In deze zaak heeft de Hoge Raad op 15 december 2020 uitspraak gedaan in een cassatieprocedure tegen een arrest van het gerechtshof Arnhem-Leeuwarden. De zaak betreft de verdachte, geboren in 1973, die in hoger beroep was veroordeeld tot schadevergoedingsmaatregelen. De advocaat van de verdachte, J.C. Reisinger, heeft cassatiemiddelen ingediend, waarbij de advocaat-generaal E.J. Hofstee heeft geconcludeerd tot vernietiging van de bestreden uitspraak, maar alleen voor zover het gaat om de toepassing van vervangende hechtenis bij de schadevergoedingsmaatregelen. De Hoge Raad heeft de klachten van de verdachte beoordeeld en geconcludeerd dat deze niet kunnen leiden tot vernietiging van de uitspraak van het hof, behalve voor de toepassing van vervangende hechtenis. De Hoge Raad heeft geoordeeld dat de vervangende hechtenis niet correct was toegepast en heeft deze vernietigd. In plaats daarvan heeft de Hoge Raad bepaald dat gijzeling van gelijke duur kan worden toegepast, conform artikel 6:4:20 van het Wetboek van Strafvordering. De uitspraak van het hof is vernietigd voor zover het gaat om de vervangende hechtenis, maar het beroep is voor het overige verworpen.

Uitspraak

HOGE RAAD DER NEDERLANDEN
STRAFKAMER
Nummer19/04667
Datum15 december 2020
ARREST
op het beroep in cassatie tegen een arrest van het gerechtshof Arnhem-Leeuwarden van 3 oktober 2019, nummer 21-003075-18, in de strafzaak
tegen
[verdachte],
geboren te [geboorteplaats] op [geboortedatum] 1973,
hierna: de verdachte.

1.Procesverloop in cassatie

Het beroep is ingesteld door de verdachte. Namens deze heeft J.C. Reisinger, advocaat te Utrecht, bij schriftuur cassatiemiddelen voorgesteld. De schriftuur is aan dit arrest gehecht en maakt daarvan deel uit.
De advocaat-generaal E.J. Hofstee heeft geconcludeerd tot vernietiging van de bestreden uitspraak, maar uitsluitend voor zover bij de schadevergoedingsmaatregel vervangende hechtenis is toegepast, tot bepaling dat ten aanzien van de schadevergoedingsmaatregel ten behoeve van het slachtoffer met toepassing van art. 6:4:20 Sv gijzeling van gelijke duur kan worden toegepast, en tot verwerping van het beroep voor het overige.
De raadsman van de verdachte heeft daarop schriftelijk gereageerd.

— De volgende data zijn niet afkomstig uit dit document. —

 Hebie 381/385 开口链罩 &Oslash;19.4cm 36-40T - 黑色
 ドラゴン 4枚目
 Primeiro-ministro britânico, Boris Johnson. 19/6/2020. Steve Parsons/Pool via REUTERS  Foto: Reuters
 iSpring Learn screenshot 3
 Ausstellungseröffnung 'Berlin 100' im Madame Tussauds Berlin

2.Beoordeling van het eerste en het tweede cassatiemiddel

De Hoge Raad heeft de klachten over de uitspraak van het hof beoordeeld. De uitkomst hiervan is dat deze klachten niet kunnen leiden tot vernietiging van die uitspraak. De Hoge Raad hoeft niet te motiveren waarom hij tot dit oordeel is gekomen. Bij de beoordeling van deze klachten is het namelijk niet nodig om antwoord te geven op vragen die van belang zijn voor de eenheid of de ontwikkeling van het recht (zie artikel 81 lid 1 van de Wet op de rechterlijke organisatie).

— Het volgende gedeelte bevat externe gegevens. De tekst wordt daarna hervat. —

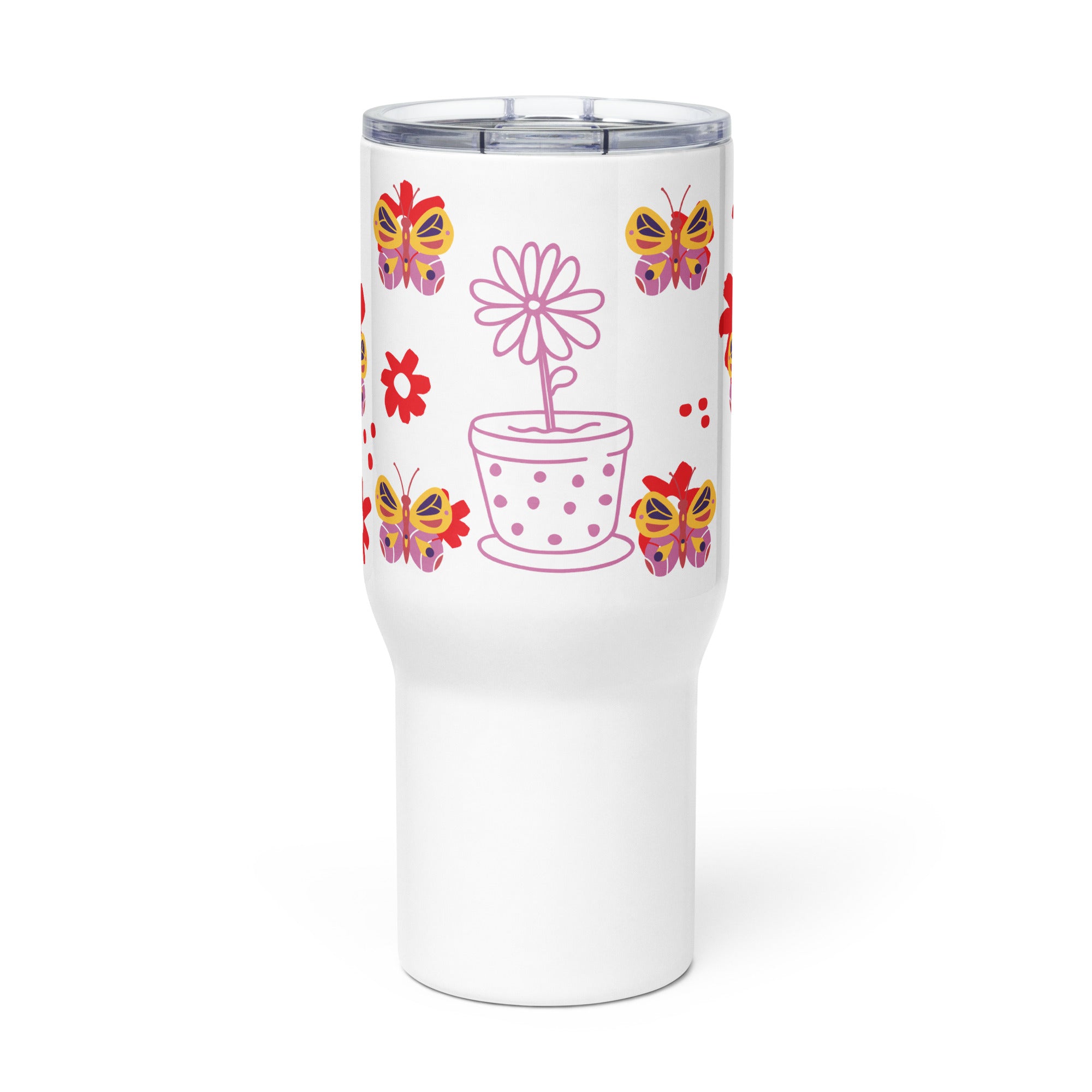 ''Butterflies'' Travel Mug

3.Beoordeling van het derde cassatiemiddel

3.1
Het cassatiemiddel klaagt over de vervangende hechtenis bij de opgelegde schadevergoedingsmaatregelen.
3.2
Het hof heeft de verdachte de verplichtingen opgelegd, kort gezegd, om aan de Staat ten behoeve van de in het arrest genoemde slachtoffers de in het arrest vermelde bedragen te betalen, bij gebreke van betaling en verhaal te vervangen door het in het arrest telkens genoemde aantal dagen hechtenis.
3.3
Het cassatiemiddel slaagt. De Hoge Raad zal de uitspraak van het hof vernietigen voor zover daarbij telkens vervangende hechtenis is toegepast, overeenkomstig hetgeen is beslist in HR 26 mei 2020, ECLI:NL:HR:2020:914.

4.Beslissing

De Hoge Raad:
- vernietigt de uitspraak van het hof, maar uitsluitend voor zover bij de schadevergoedingsmaatregel ten behoeve van de in het arrest genoemde slachtoffers telkens vervangende hechtenis is toegepast;
- bepaalt dat met toepassing van artikel 6:4:20 van het Wetboek van Strafvordering telkens gijzeling van gelijke duur kan worden toegepast;
- verwerpt het beroep voor het overige.
Dit arrest is gewezen door de vice-president V. van den Brink als voorzitter, en de raadsheren Y. Buruma en A.E.M. Röttgering, in bijzijn van de waarnemend griffier S.P.J. Lugtenburg, en uitgesproken ter openbare terechtzitting van
15 december 2020.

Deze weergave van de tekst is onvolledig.